**THE TASK**
Retype the data below exactly, skipping pictures.

DATA BLOCK section start

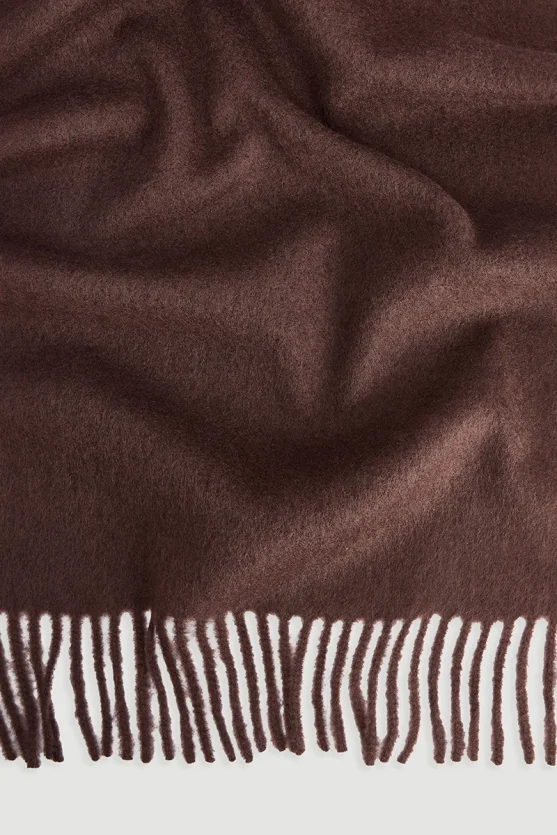 Fringed Shawl Brown - 2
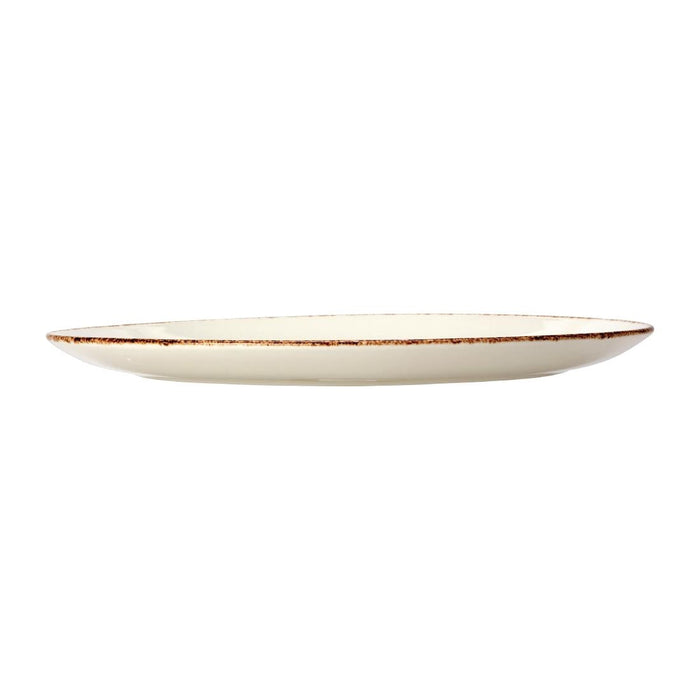 Steelite Brown Dapple Oval Coupe Plates 305mm (12 Pack) Steelite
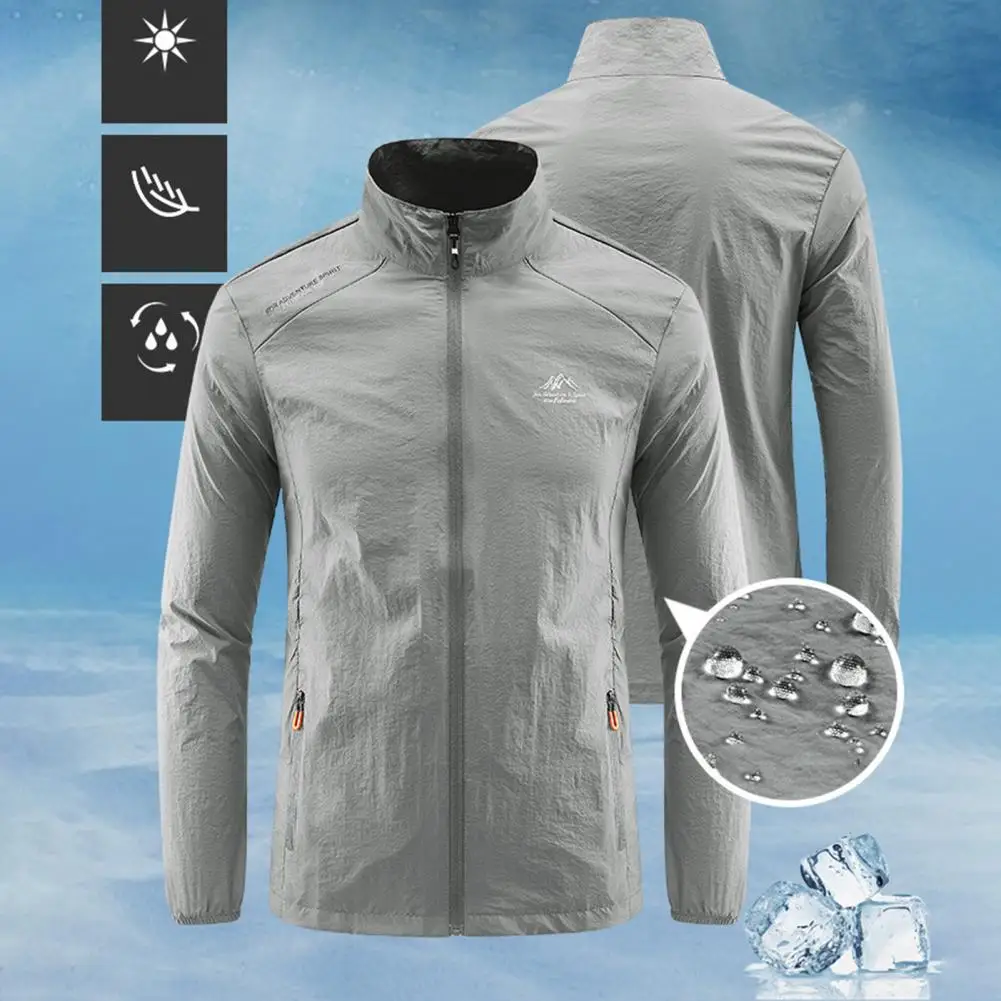 Sun Protection Clothing Stand Collar Ultra-thin Long Sleeves Anti-UV Summer Coat Plus Size Ice Silk Fishing Jacket Male Clothes
Sun Protection Clothing Stand Collar Ultra-thin Long Sleeves Anti-UV Summer Coat Plus Size Ice Silk Fishing Jacket Male Clothes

DATA BLOCK section end

**ANSWER**
 Fringed Shawl Brown - 2
 Steelite Brown Dapple Oval Coupe Plates 305mm (12 Pack) Steelite
 Sun Protection Clothing Stand Collar Ultra-thin Long Sleeves Anti-UV Summer Coat Plus Size Ice Silk Fishing Jacket Male Clothes
Sun Protection Clothing Stand Collar Ultra-thin Long Sleeves Anti-UV Summer Coat Plus Size Ice Silk Fishing Jacket Male Clothes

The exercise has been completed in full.